Try it
The line containing "Writing Desk Computer" marks the end; return exactly every line from the start of the records up to and including it, but no pictures.

Extracted data entries

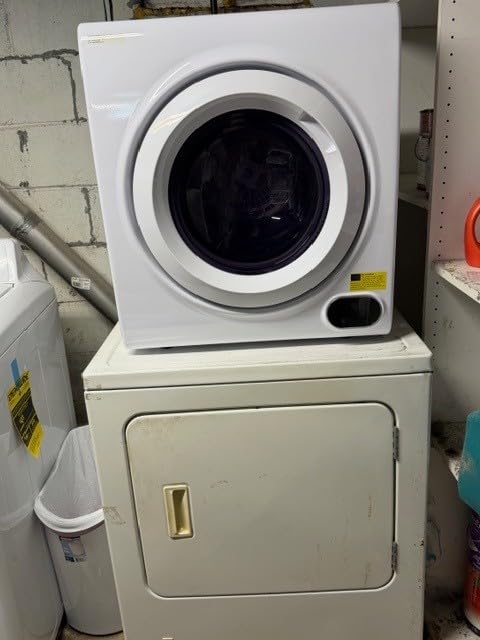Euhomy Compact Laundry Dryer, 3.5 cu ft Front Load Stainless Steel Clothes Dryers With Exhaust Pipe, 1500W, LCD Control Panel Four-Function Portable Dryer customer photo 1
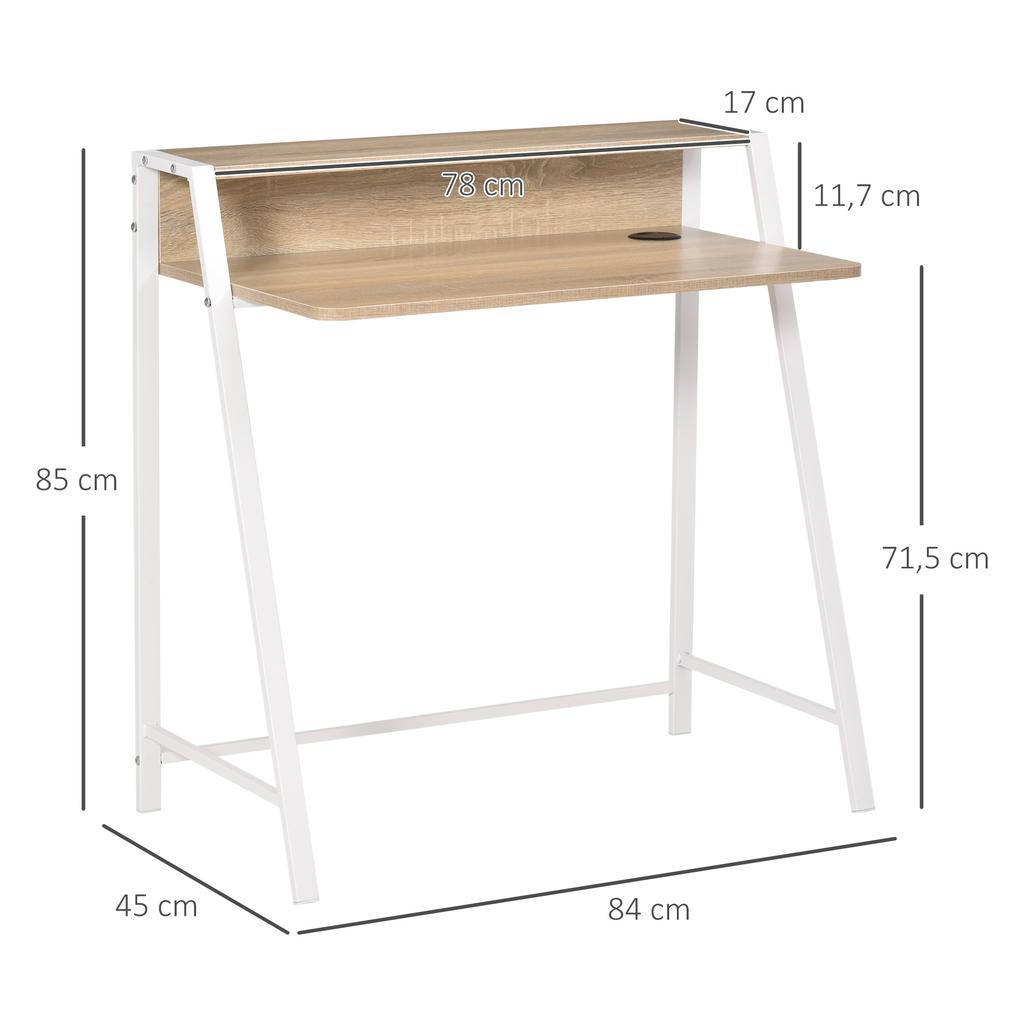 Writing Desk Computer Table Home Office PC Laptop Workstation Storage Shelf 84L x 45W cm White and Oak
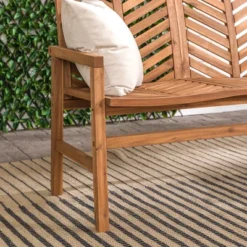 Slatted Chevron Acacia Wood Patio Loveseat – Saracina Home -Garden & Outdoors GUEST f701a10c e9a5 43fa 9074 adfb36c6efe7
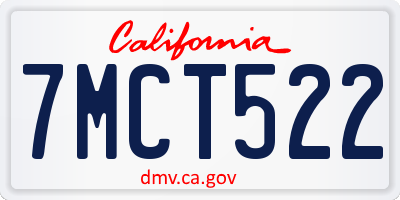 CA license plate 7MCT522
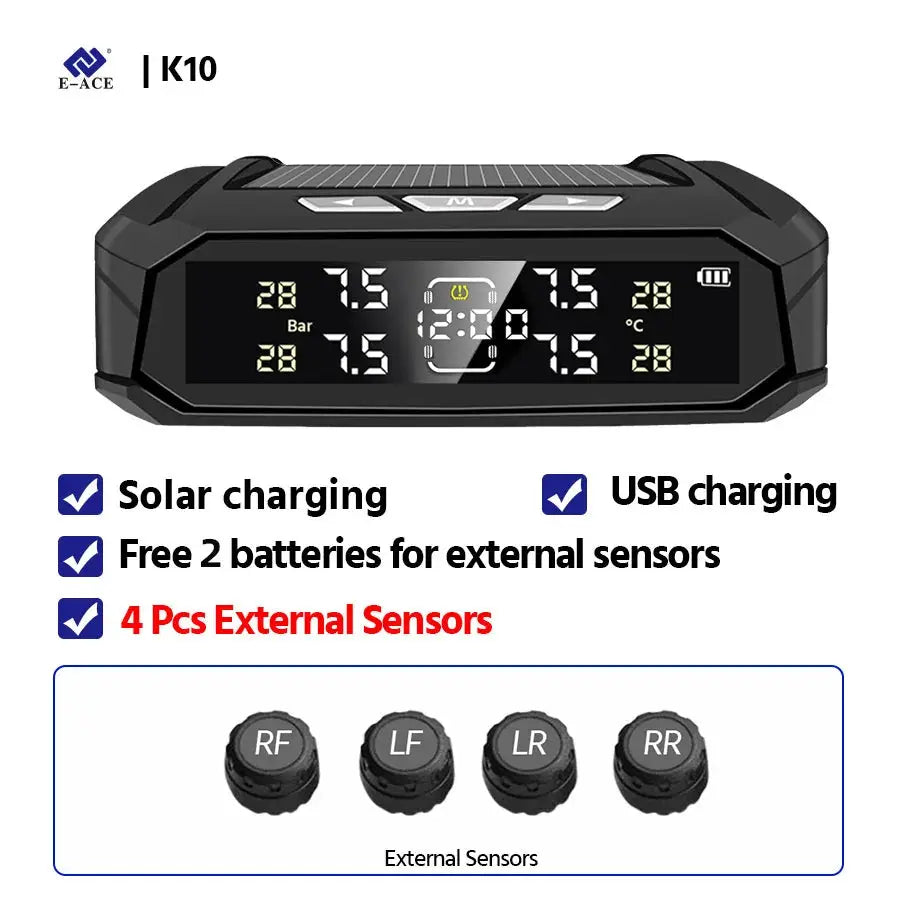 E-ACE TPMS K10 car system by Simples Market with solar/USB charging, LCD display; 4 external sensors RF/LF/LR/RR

Finished task
Euhomy Compact Laundry Dryer, 3.5 cu ft Front Load Stainless Steel Clothes Dryers With Exhaust Pipe, 1500W, LCD Control Panel Four-Function Portable Dryer customer photo 1
 Writing Desk Computer Table Home Office PC Laptop Workstation Storage Shelf 84L x 45W cm White and Oak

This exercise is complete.